#### TASK REQUIREMENTS
Could you transcribe exactly the lines from the one containing "Now if you spill" through the end of the listing below, both included, but none of the pictures?

#### SUPPLIED MATERIAL
========================================================================

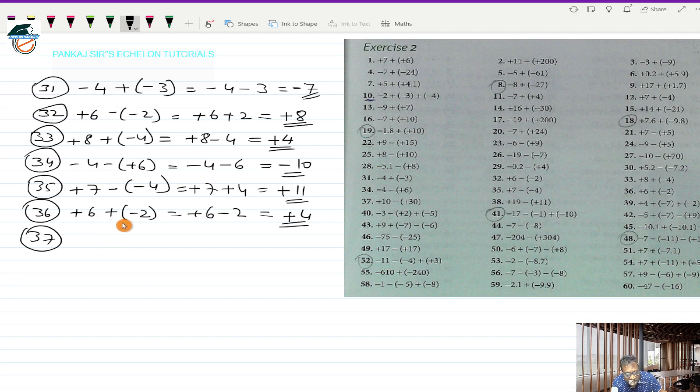Question 37 is plus 10 minus (+30). Removing the bracket: plus 10, and minus into plus is minus 30. These are two directed numbers with opposite signs, so I take the minus sign of the bigger number and subtract the smaller from the bigger: 30 minus 10 is 20. The answer is minus 20.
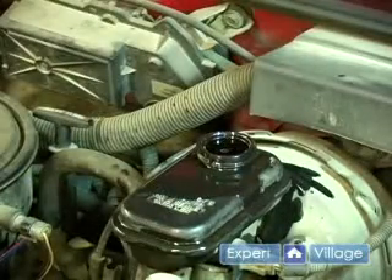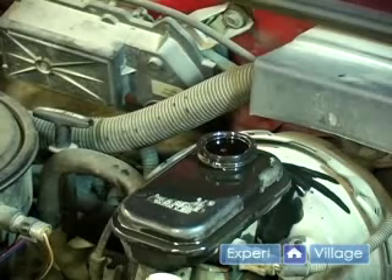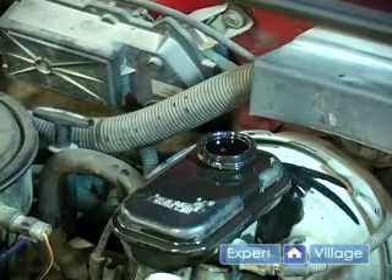Now if you spill on the engine like I did, you want to make sure you clean that up. Brake fluid will eat the paint and take off finish.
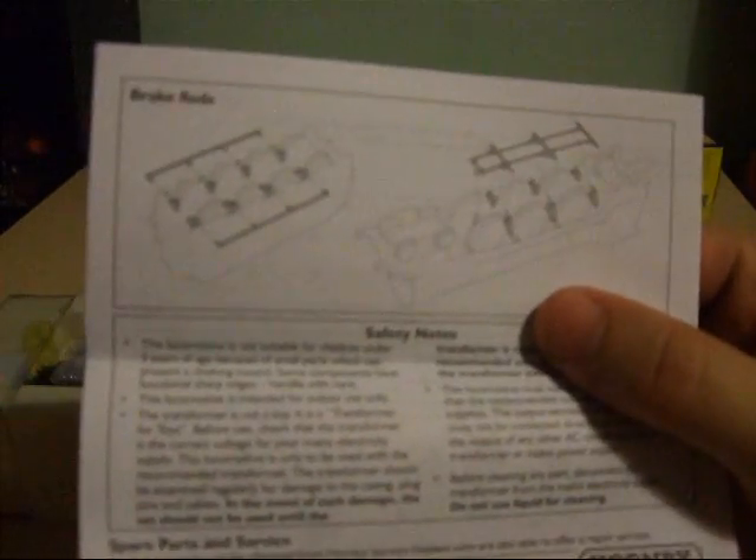I'm pleased to say that the coal can be swapped for some real life coal if need be. And also on the back of the instructions, it tells you how to fix the extra detailing parts, which I will cover in a moment.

========================================================================

#### WRITTEN SOLUTION
Now if you spill on the engine like I did, you want to make sure you clean that up. Brake fluid will eat the paint and take off finish.
I'm pleased to say that the coal can be swapped for some real life coal if need be. And also on the back of the instructions, it tells you how to fix the extra detailing parts, which I will cover in a moment.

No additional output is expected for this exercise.